**Required action**
Among the lines below, a stretch begins at the one with "Peugeot T�rkiye turuna ��kt�" and ends at the one with "Montblanc_Bag_Latest styles_2026_yupoo_Original_quality". Repeat that stretch exactly, ends included.

**Records to use**
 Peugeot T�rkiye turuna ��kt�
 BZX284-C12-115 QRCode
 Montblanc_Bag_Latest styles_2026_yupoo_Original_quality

---

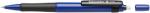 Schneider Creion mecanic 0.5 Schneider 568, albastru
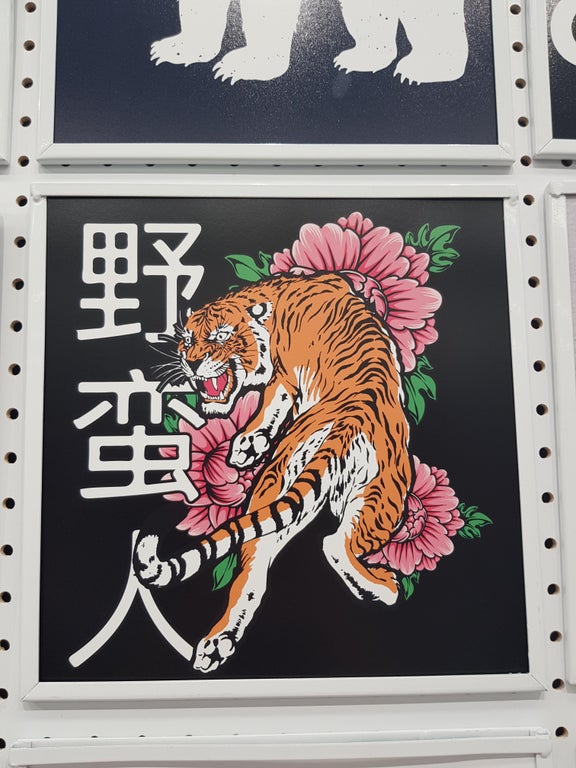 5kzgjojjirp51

**Problem solution**
 Peugeot T�rkiye turuna ��kt�
 BZX284-C12-115 QRCode
 Montblanc_Bag_Latest styles_2026_yupoo_Original_quality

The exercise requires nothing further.